The government should hold more seminars and public hearings on nuclear energy issues to give the public a better understanding of nuclear power’s viability in Taiwan, a local group urged yesterday.
“We need transparency and full discussion, because the dispute over the fate of the country’s controversial Fourth Nuclear Power Plant continues to simmer,” said Eugene Chien, chairman of the Taiwan Institute for Sustainable Energy (TAISE).
There is a lack of public knowledge about nuclear power, the design of the Fourth Nuclear Power Plant and nuclear safety technology, Chien said on the sidelines of a Taiwan-Germany forum on low carbon cities.
The government contends that nuclear power plants play an important role in Taiwan’s economic development, but the public also has the right to know more about them, he said, especially ahead of a planned referendum on the fate of the nearly completed Fourth Nuclear Power Plant.
“It is always nice to be well-informed before making any decisions,” Chien said.
Worries over the Fourth Nuclear Power Plant project have galvanized opposition to the use of nuclear power in Taiwan, culminating in nationwide anti-nuclear rallies on Saturday that drew an estimated 200,000 people.
President Ma Ying-jeou (馬英九) late last month reiterated the government’s commitment to ensure that the Fourth Nuclear Power Plant is safe before it is allowed to begin commercial operations.
He proposed that energy authorities seek the help of experts and agencies “as soon as possible” to clear up doubts about the controversial project.
German Institute Taipei deputy director-general Mirko Kruppa said the German experience shows that it is important to have a national consensus on energy policy, including how to deal with nuclear power.
It took Germany over 25 years of “fierce debate” before a national consensus was reached to phase out nuclear power by 2022, and the consensus was only possible because it was incorporated in a 40-year energy policy that showed the whole picture, Kruppa said.
“Nuclear power is one part of it,” he said, adding that without a comprehensive energy policy that has a long-term perspective, “there will be never-ending discussion” about nuclear power.
One critical difference between the two countries that has fueled the rise of electricity production from alternative sources in Germany is Germany’s free energy market, in which everyone can produce energy, whether it be biomass energy produced on one’s land or solar power on one’s rooftop, Kruppa said.

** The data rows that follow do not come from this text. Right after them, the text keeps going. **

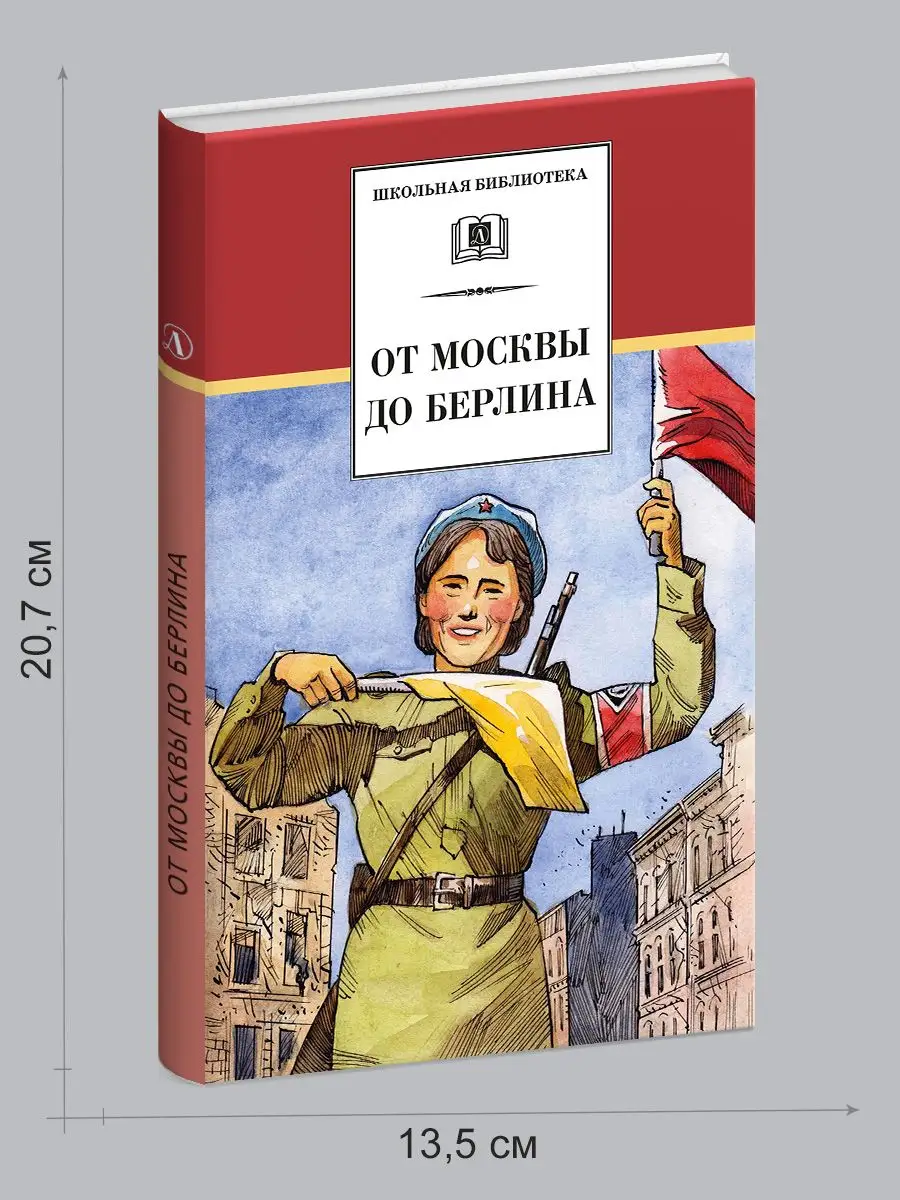 От Москвы до Берлина Школьная библиотека Детская литература Детская  литература 169508711 купить за 463 ₽ в интернет-магазине Wildberries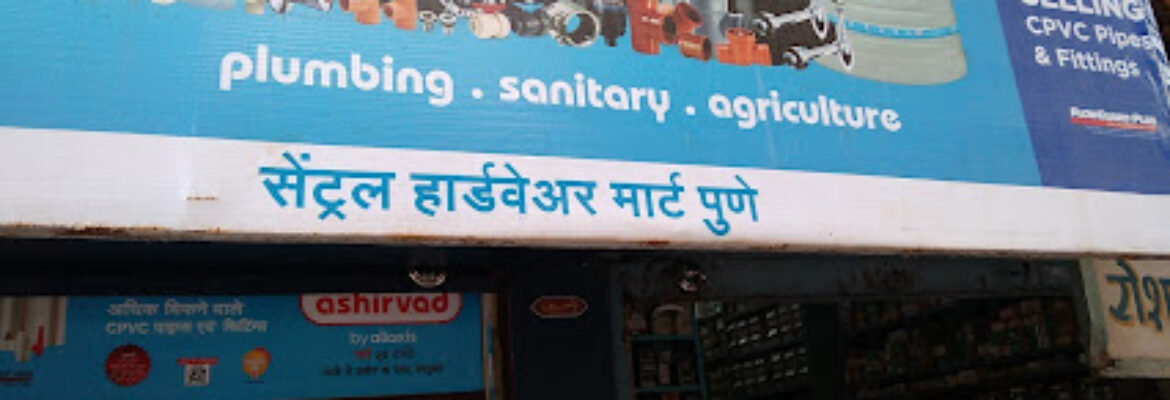 Central Hardware Mart (Pune)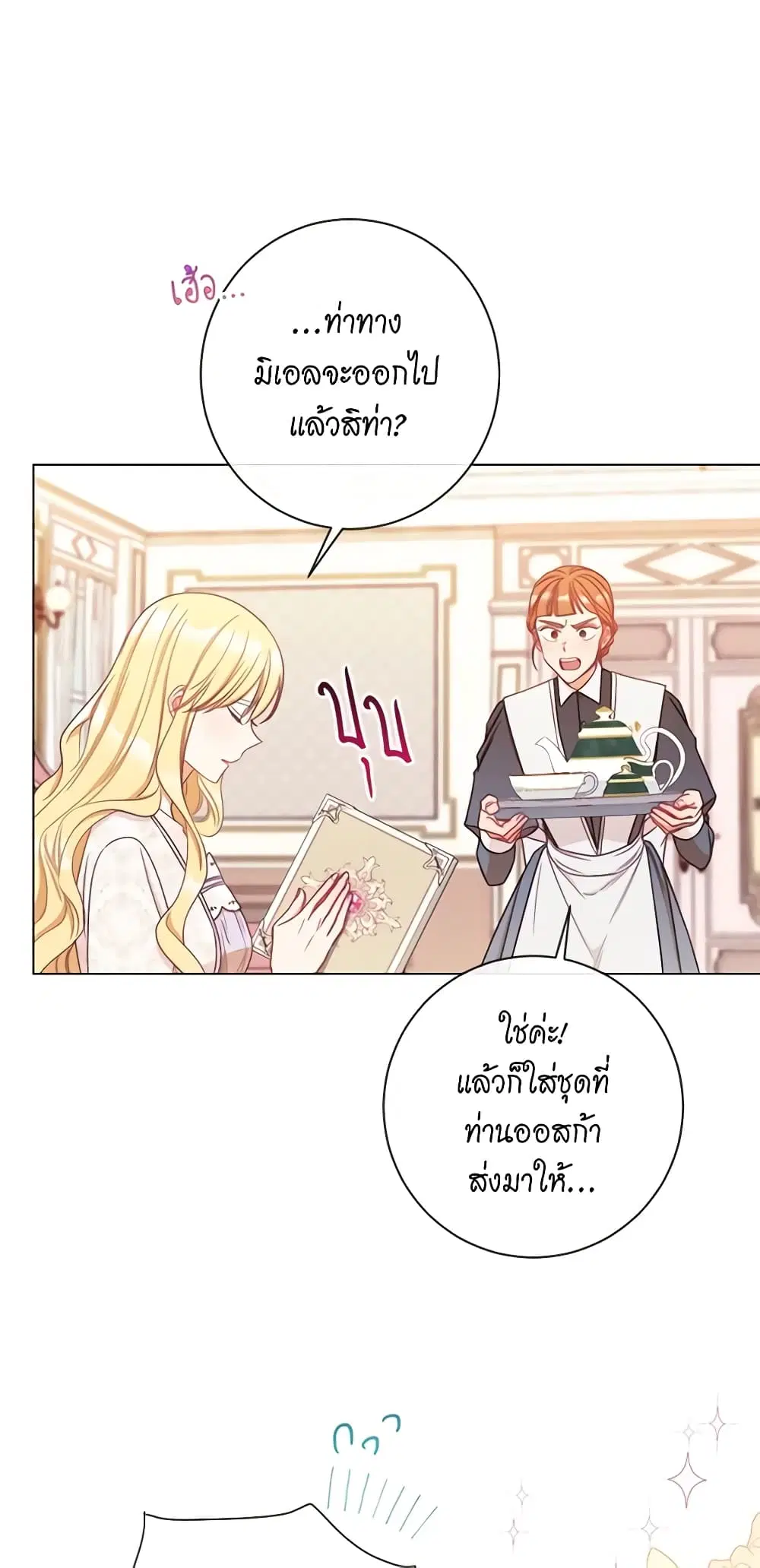 The Villainess Turns the Hourglass ตอนที่ 30 — page 6 of 49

“Everybody in Germany now can become an energy producer, which has helped boost the development of green energy,” Kruppa said.

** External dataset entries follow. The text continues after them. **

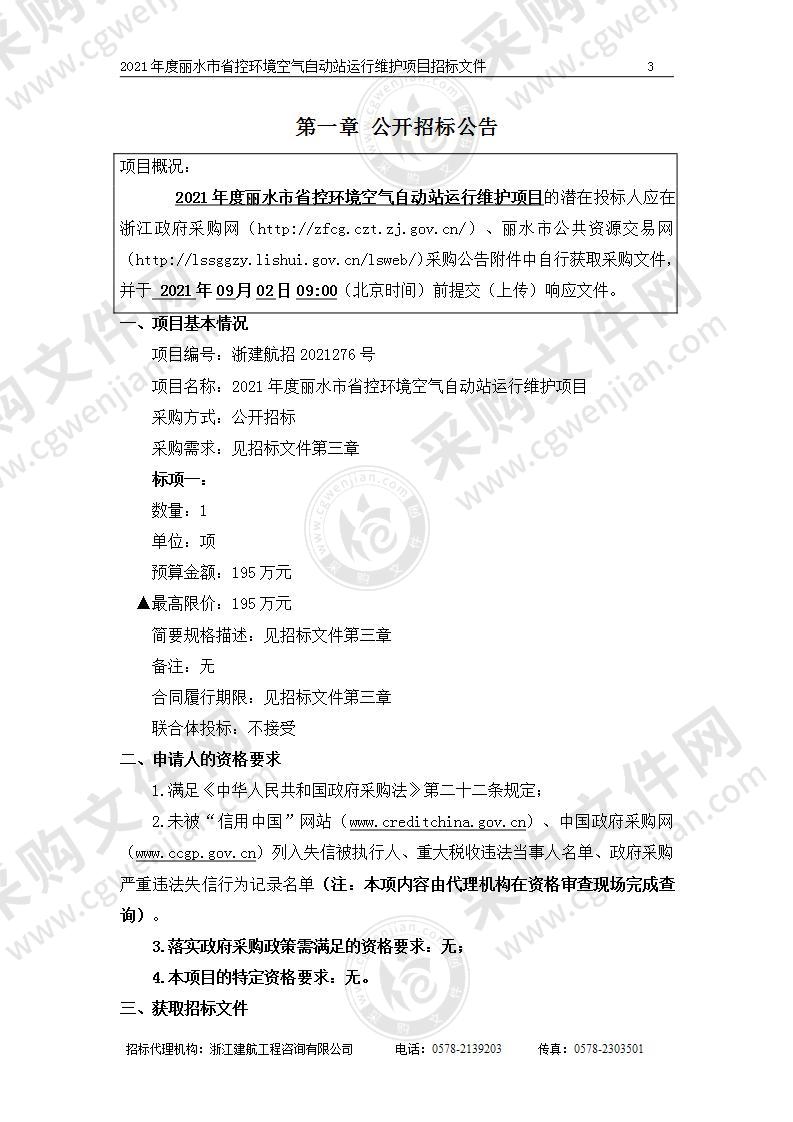 浙江省丽水生态环境监测中心2021年度丽水市省控环境空气自动站运行维护项目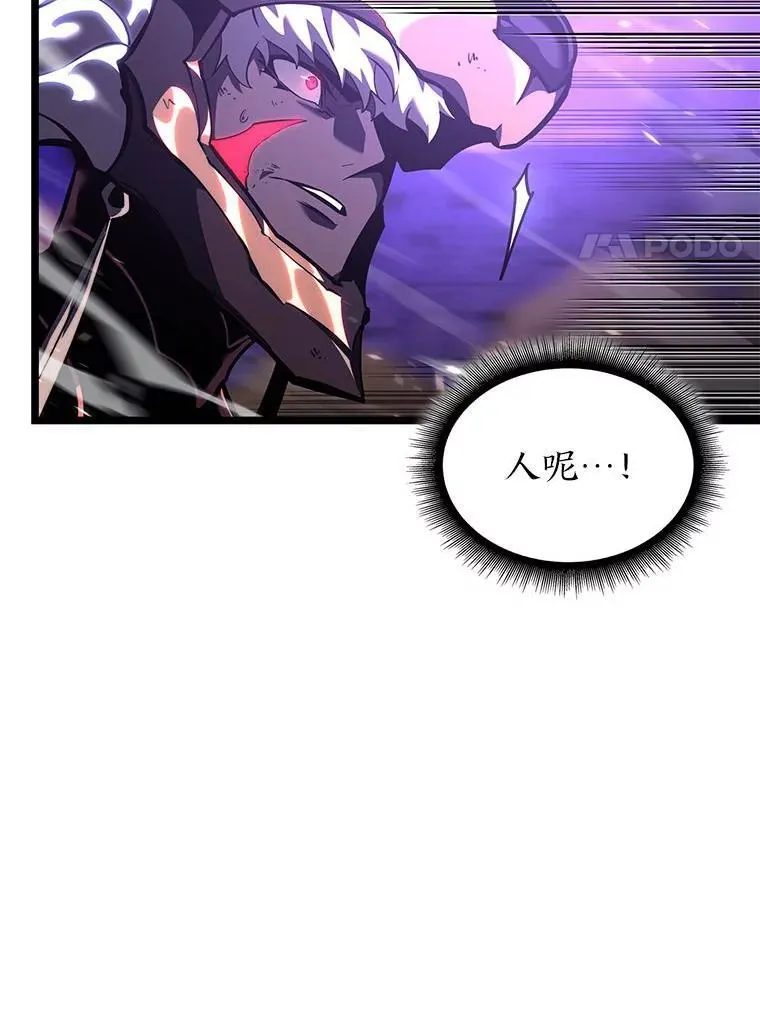 85.逆天反杀最强狂战士27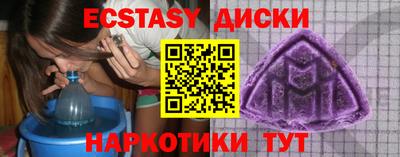 МДМА Новодвинск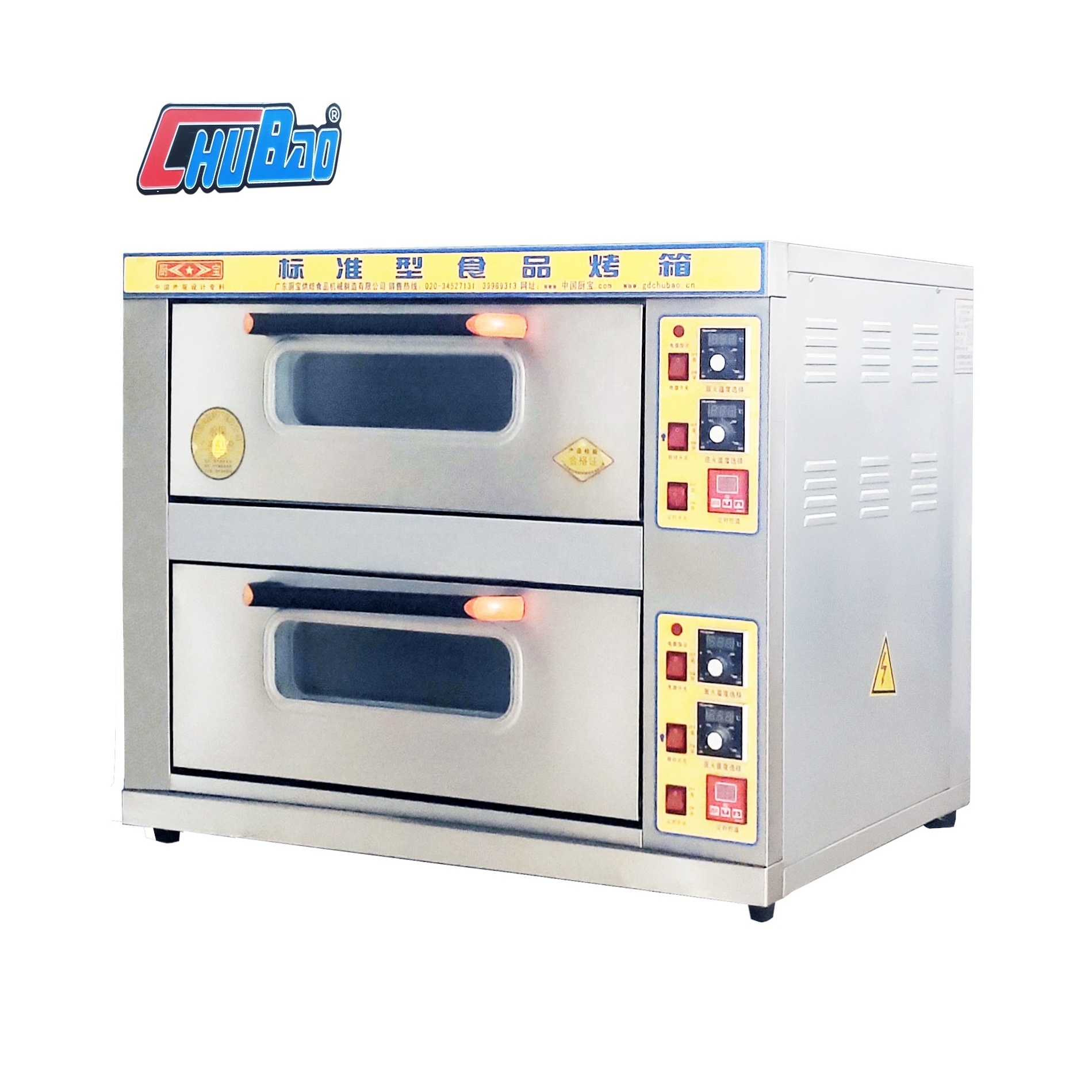 Factory direct wholesale small size electric  bread baking equipment 2 deck 2 tray pizza oven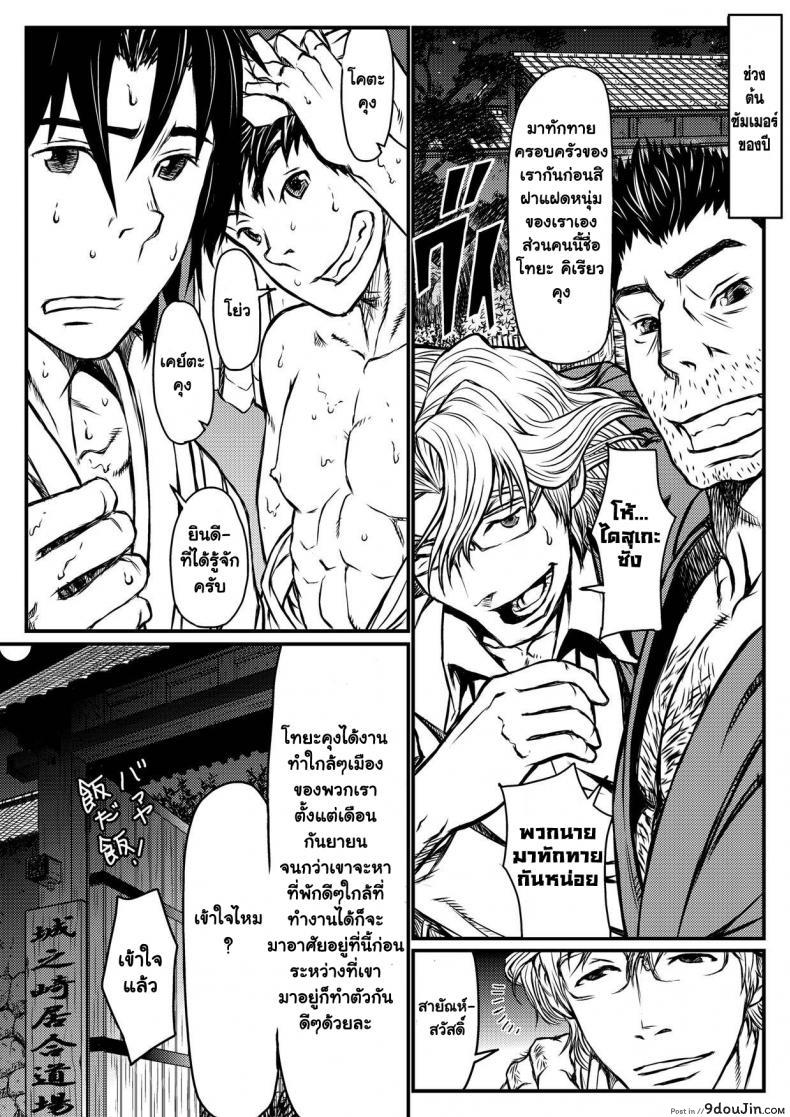 อ่านโดจิน ต้องมนต์จันทรา [About (Aabe Kou)] Gekkou Saimin Zenpen ซับไทย หน้าที่ 3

Energy in Taiwan is distributed by the state-owned Taiwan Power Co (Taipower), which runs the country’s nuclear power plants.

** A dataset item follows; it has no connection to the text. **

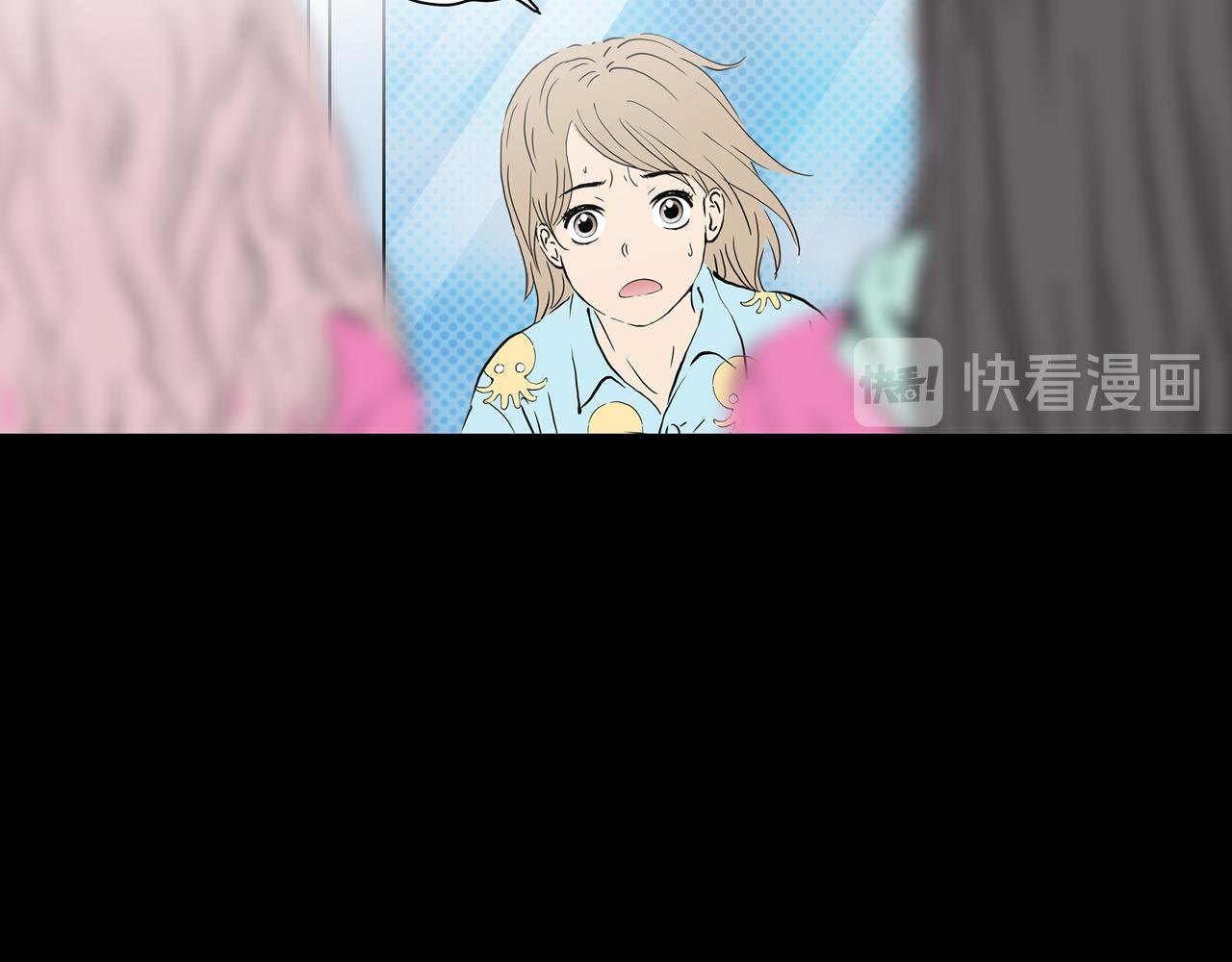 第25话 黑（八-下）(1/4)-第31话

Kruppa stressed that Taiwan’s relatively low energy prices are “not sustainable,” and said the longer Taiwan waits to reform its fundamental market issues, the more difficult and costly it will be to make the changes.
German Institute Taipei Director-General Michael Zickerick said he hoped the forum could provide Taiwan with information on green buildings and energy efficiency and allow experts from the two sides to interact.
The forum was part of a second series of events on sustainability organized by the German Institute Taipei and TAISE, with support from Taiwan’s Environmental Protection Administration.
The German office and TAISE signed a letter of intent in 2011 to carry out a “sustainability roadshow” platform, which organizes forums to bring together non-governmental organizations, universities, government and the public to find ways to develop environmentally sustainable practices.